Master of Science in Data Science La Salle Campus Barcelona URL

Master of Science in Data Science

Become an expert in analysing, structuring, filtering, visualizing and valuing the production of generated data

Natural language processing

Description
The goal of the subject is to be able to analyse text data coming from natural language. Because of its extensive domain, we will start by explaining how to process text data, how to encode it and how to extract features from it such that it can be used in classical artificial intelligence models. To continue, we will explain sequential models and morphological models that can be used to analyse natural language as individual text or as a group of words forming a sequence. Together with the objective of being able to make classifications and predictions based on language. To end, we will review in detail de transformers methodology, how it works and how it can be applied to language analysis.
Type Subject
Optativa
Semester
Second
Credits
5.00
Previous Knowledge

MD005 and MD008 subjects

Objectives

The goals will focus on:
• Learn to process language data in text format.
• Know how to apply classical artificial intelligence models to processed text data.
• Understand how transformers work in the language context and know how to apply them in text data.

Contents

SYLLABUS

1. Word Processing and Count Vectorizer
2. Word Embeddings
3. Generative models: Hidden Markov Model
4. Discriminatory models: Structured perceptron
5. Recurrent neural networks applied to NLP
6. Transformers and ELMO
7. BERT
8. Final practice

Note: Topics can be adjusted and/or modified at the discretion of the master's coordination.

Methodology

The methodology used combines master classes, student participation, practical exercise at class and solving a challenge or doing a research exercise as final work.

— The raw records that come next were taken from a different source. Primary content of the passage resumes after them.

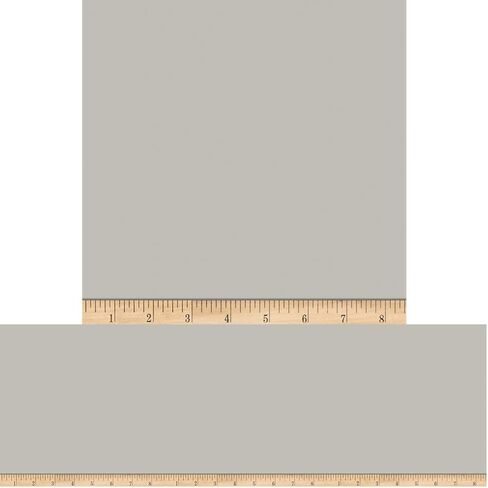 Art Gallery Fabrics Art Gallery Pure Elements Mystic Fabric, Light Grey by The Yard in Saudi Arabia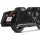 Double Slip-On Muffler Set Endcap Style Double Ring Black Ceramic Coated
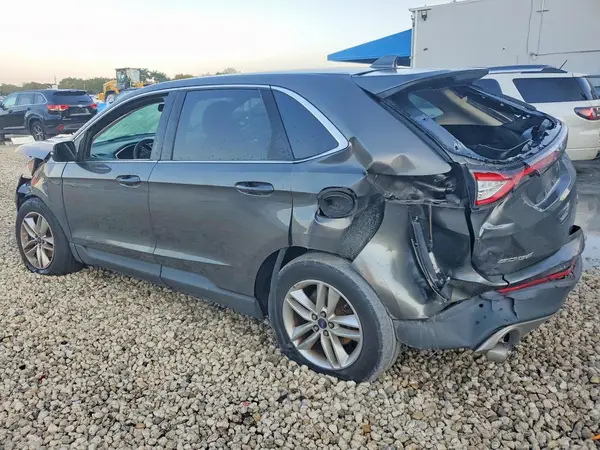 2FMPK3J93HBC52032 2017 FORD EDGE - Image 2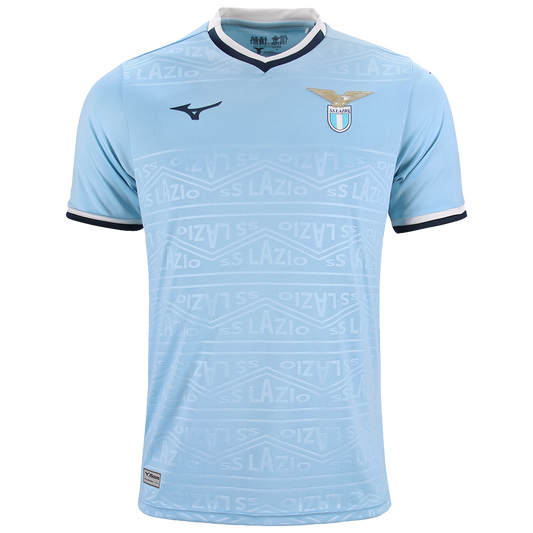 Uniforme Lazio Domicile 2024/2025 - Adulte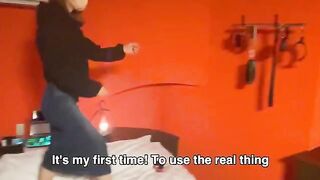 You are a true romantic, just like the guys in those steamy homemade videos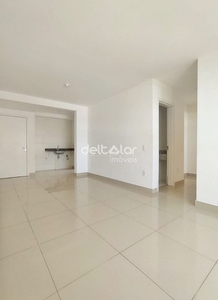 Apartamento em Planalto, Belo Horizonte/MG de 75m² 3 quartos para locação R$ 2.500,00/mes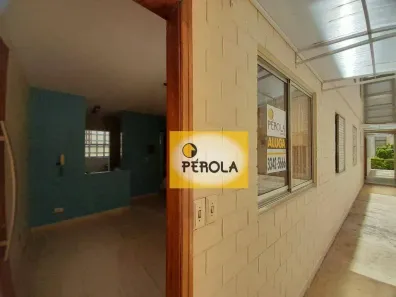 Apartamento com 2 Quartos para alugar, 52m² no Jardim Amazonas, Campinas
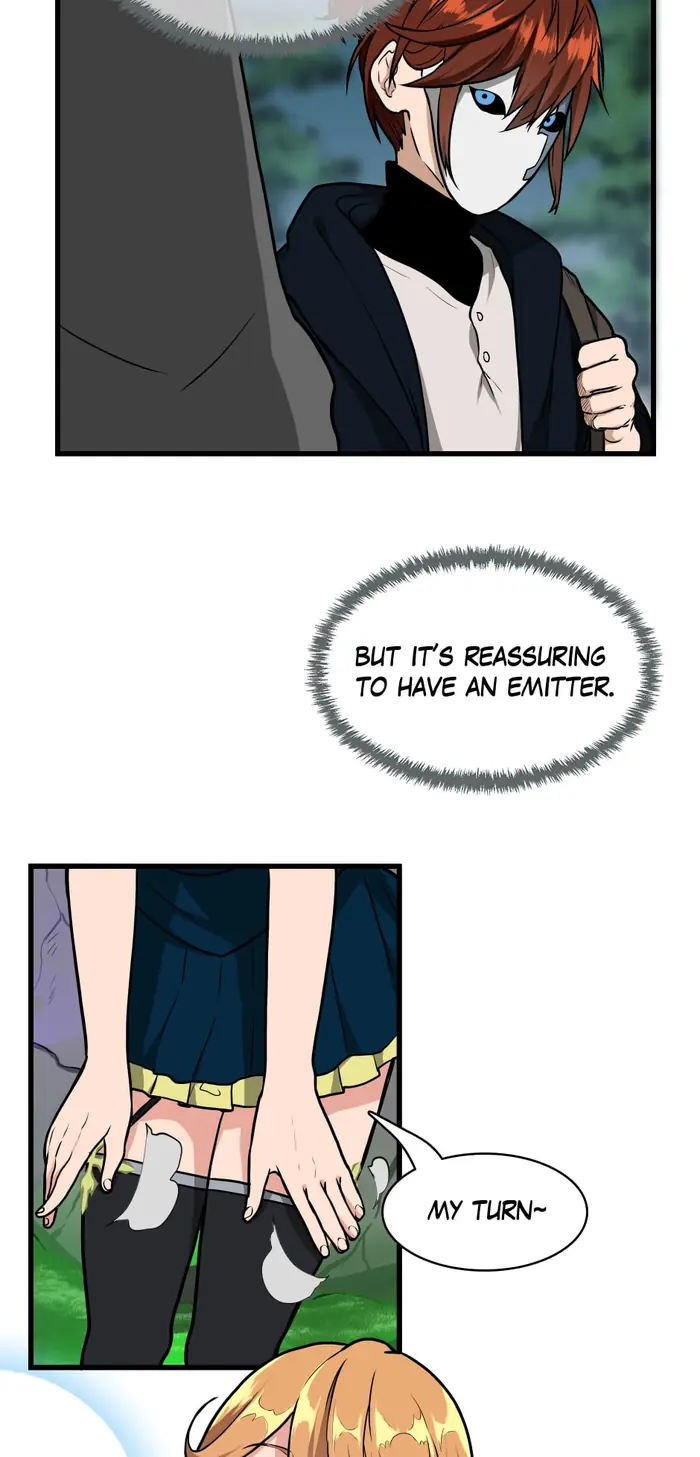 The Beginning After the End Chapter 58 image 55_optimized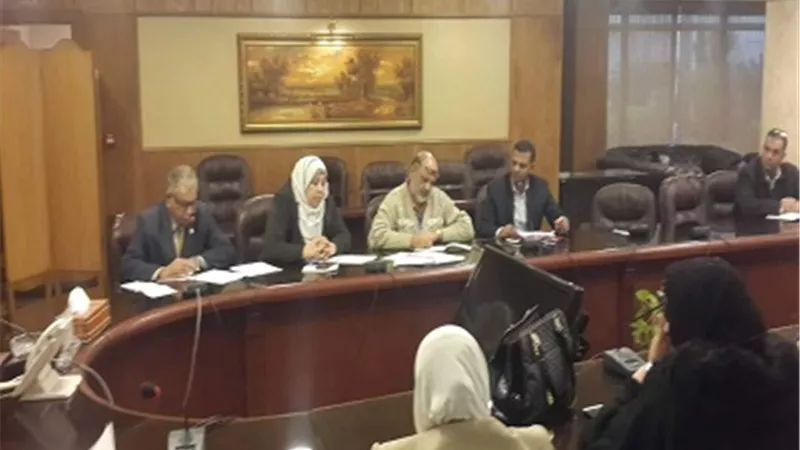 جامعة الازهر تطلق قافلة طبية وتوعية شاملة لمحافظة الغربية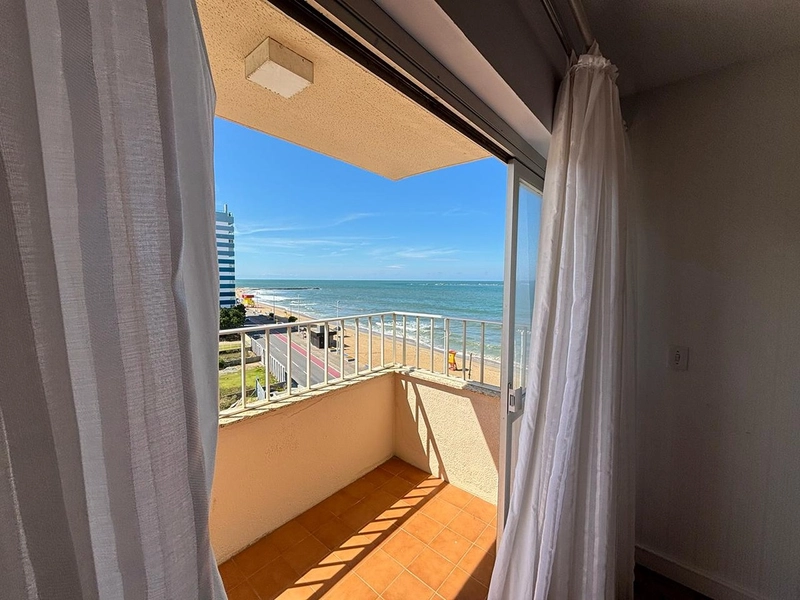 Apartamento Frente Mar à Venda – Barra Velha/SC – 107,44 m²: 8ª foto da galeria de imagens do imóvel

For the student, this will involve group work with an oral presentation at class and a written assessment.

Evaluation

This subject will be assessed on a continuous via the development of a challenge proposed or by a research work on already existing solutions in some scientific context and a final presentation in class.

Evaluation Criteria

Continuous assessment
This subject will be assessed on a continuous via the development of a challenge proposed or by a research work on already existing solutions in some scientific context and a final presentation in class.
The final grade will be a weighting of:
- Challenge solution (implementation) and/or presentation or research work: 80%
- Class participation: 20%

Extraordinary call
The exam and/or works of extraordinary call will be determined from the coordination of the subject.

Copies regulations
The subject is governed by the general regulations of copies of La Salle Campus BCN:
https://www.salleurl.edu/en/copies-regulation
The training activities will be considered to have the following category:
• Final exercise or challenge: highly significant

Basic Bibliography

The bibliography will be detailed throughout the course.
All class material (presentations, exercises, articles, documents, etc.) will be shared in the subject folder of the La Salle Intranet: eStudy.

Additional Material

The complementary bibliography will be detailed throughout the course.